15 April 2016 was the National Day of Emergency to mark 25 years since the landmark Royal Commission into Aboriginal Deaths in Custody.  The report made 340 recommendations and as a nation we have failed to translate those recommendations into social change.  Since 2004, there has been an 88% increase in indigenous imprisonment. The Aboriginal and Torres Straits Islander people represent just  3% of the Australian population but 27% of the prison population; if a young Aboriginal or Torres Strait Islander person, you are 24 times more likely to be in detention. In the Northern Territory, 98% of juveniles behind bars are indigenous. It is shameful that so little has changed when it is within our power to make and legislate for change. There are real and practical solutions. Prison Songs, directed by Kelrick Martin is the key tool to be used in an impact campaign designed to raise awareness about proposed community-based solutions and expedite the action necessary to put a stop to this national disgrace.

See the Prison Songs website here.

For a short talk (transcript available) on a fascinating and important research study: “Predictable and Preventable” by Eileen Baldry, Professor of Criminology at UNSW. Click here.

Before We Get Started…

Australia’s first documentary musical, Prison Songs is set in Darwin’s Berrimah prison (built in 1979 and designed to hold 115 prisoners; when the film was shot in 2014, it held 800). The first time I watched, I was stunned when the young, blonde, blue-eyed Aboriginal man—the first in the film to tell us how he landed in prison—suddenly breaks into song. I wasn’t sure what I was watching but that’s the point, of course: to mess with your expectations of the genre. Released from the straight-jacket predictability of talking heads and the distancing effect of numbing statistics, the innovation in form and swift shift in tone, astonishes. You take notice. In Prison Songs, the individuals are people before they’re prisoners or ‘understood’ through the lens of an issue: their true selves are brought to life with intimacy, warmth, humour, honesty and a deft hand.

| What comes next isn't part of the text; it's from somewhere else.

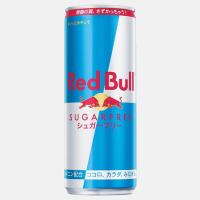 Red Bull レッドブル シュガーフリー 250ml×48本 | shopooo by GMO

Award-winning hyphenate (writer-producer-director) Kelrick Martin is a Ngarluma/Bunuba man from Broome, Western Australia. In this interview, we go behind his impressive bio and learn about his journey into documentary film as well as his ideas about making and telling indigenous stories.  A week before the interview, I asked him to think about what his favourite films were, commenting that people are usually overwhelmed and immediately panic (or I do) if I asked that question without warning—he remarked:

I’m going to talk about the movies I love, not the ones that will make me look good.

Shazam! My kind of cinephile. I’m also sharing with you the “inspiration” for Martin’s company Spearpoint Productions because I think it’s one of the most beautiful and poetic I’ve read. I share it with you here:

In the dying embers of the 19th century, the Overland Telegraph – a technological communications revolution that carved across all Aboriginal lands including the Kimberley region of Western Australia, was conquering Australia. The never-ending trail of tall telegraph poles was a mysterious sight for the Kimberley Aboriginal people who stumbled across them. More intriguing though were the glass insulators that they found on top of the poles, like ripe fruit on a tree. Our people embraced this strange new discovery, and from shattered glass insulators, created spear points that were not just effective but intricately beautiful.  This story of repurposing technology for another unrealised use is the inspiration behind Spear Point Productions. 

A still from Prison Songs

Prison Songs

The Chat

PJB: Did your media career begin straight out of school?

KM: No! I bummed around… I didn’t even finish school. You know what teenagers are like… There wasn’t really a family business to follow. My mum worked in the public service and I figured I’d do the same thing because it was a regular pay-cheque and a stable sort of job. This was the early 90s; I was 17 years old and I worked for the federally funded CES (Commonwealth Employment Service)—we looked for jobs for people in Broome. People would come up to the desk and you’d have to extract information from them, work out who they were and what they wanted—I dealt with the whole community, across all ages, not only indigenous people. But because Broome has a large indigenous population and there’d be people for whom English was a second or third language—I was trying to help them find a job and to use the system as best I could. I worked there for three years and it was valuable experience in interviewing: getting to understand tone and how to ask questions that would elicit certain responses; there were closed questions, open questions… I was learning about it before I even knew it was a skill I would need for documentary. I had no idea what I was going to do but it ended up being incredibly interesting. It was good for my self-confidence, for learning about putting myself in another person’s shoes.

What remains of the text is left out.